I have been on both sides of presentation giving, and as a consequence, I have developed a loathing of PowerPoint. (I have even been to PowerPoint presentations on how to make a PowerPoint presentation. Beat that.)
While none of the presentations I have been to have been memorable — despite the fact that all of the presentations I have GIVEN have been memorable — to ME, MYSELF AND I, here are some memorable presentation moments:
1. The presentation delivered entirely in Maori. It lasted about an hour.
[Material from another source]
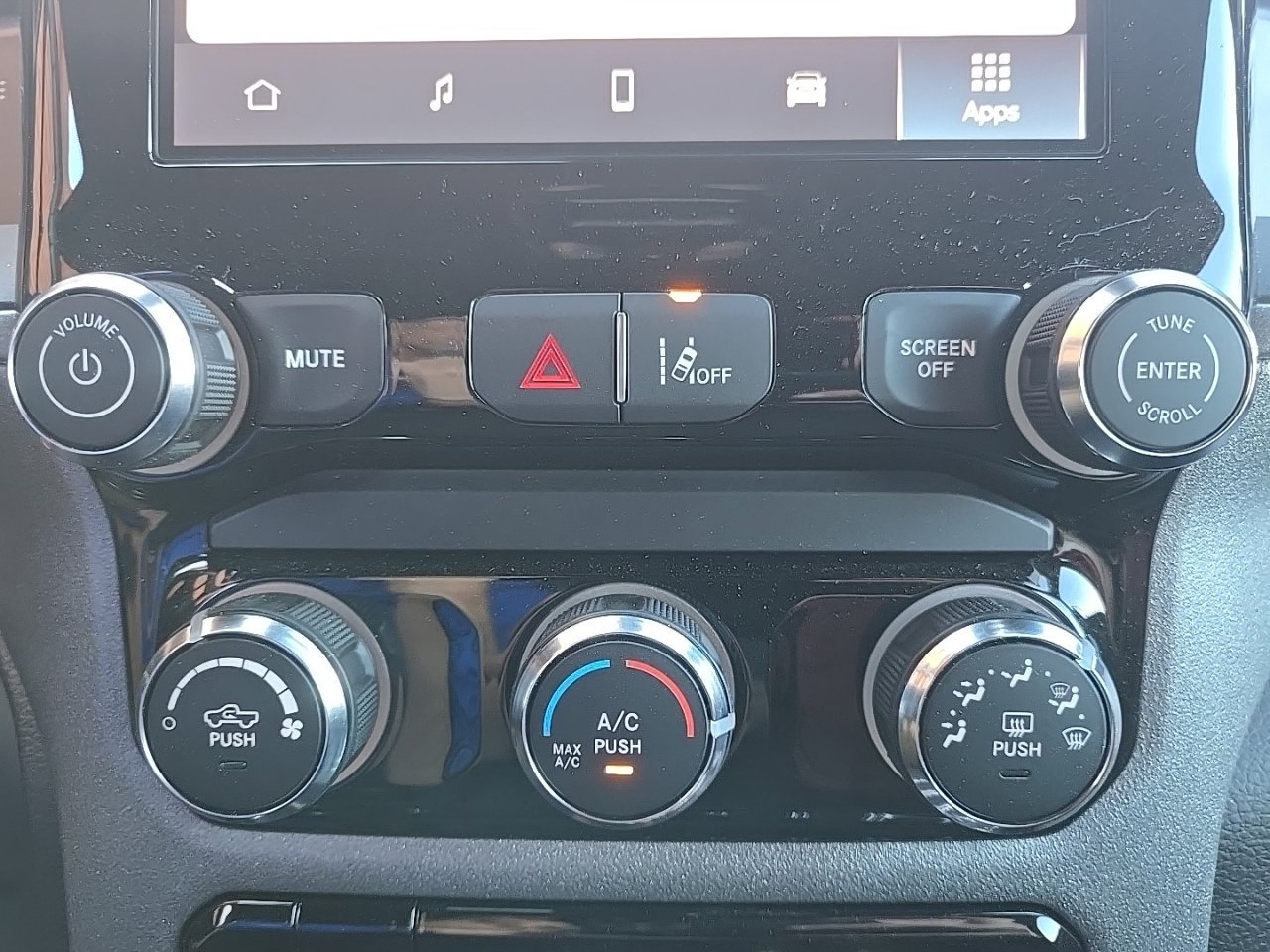 Used 2025 RAM 1500 Warlock AWD/4WD image 32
There was only one other person in the staffroom who understood Maori. That was the Maori teacher, who kept saying ‘Kia ora’ the whole way through it. At the end we all clapped. For all I knew, the speaker was praising Hitler. I clapped because it was over. By the way, this has nothing to do with the fact I lament that most New Zealanders don’t speak Maori. This is a shame. (The speaker in question wasn’t a New Zealander. He was a Brit who came to New Zealand and lived for a couple of years on a marae — not something most New Zealanders ever think of doing. We grow beards/long hair, buy a Macpac, dress up in clothing from Kathmandu and go to Europe instead.)
2. The day-long presentation about technology, in which the American technology expert had expected to be allocated a computer lab, but was not. He was understandably unimpressed about this, and as teachers ourselves, I suspect the entire audience empathised with him when he told us that his entire day’s schedule relied upon us having computer access, and that he was now having to make up stuff on the spot. Since he had five hours to fill, he spoke very slowly. He started with a bad joke about women. Next, an unfortunate joke about teachers, followed swiftly by a scathing remark about high school teachers. As a female high school teacher, I felt like walking out in protest, but I was there with our associate principal so I didn’t feel that was an option. Later, in the minibus back to our home town, the associate principal told me she’d felt like doing the same. I wish we had. We could have gone shopping in Palmy.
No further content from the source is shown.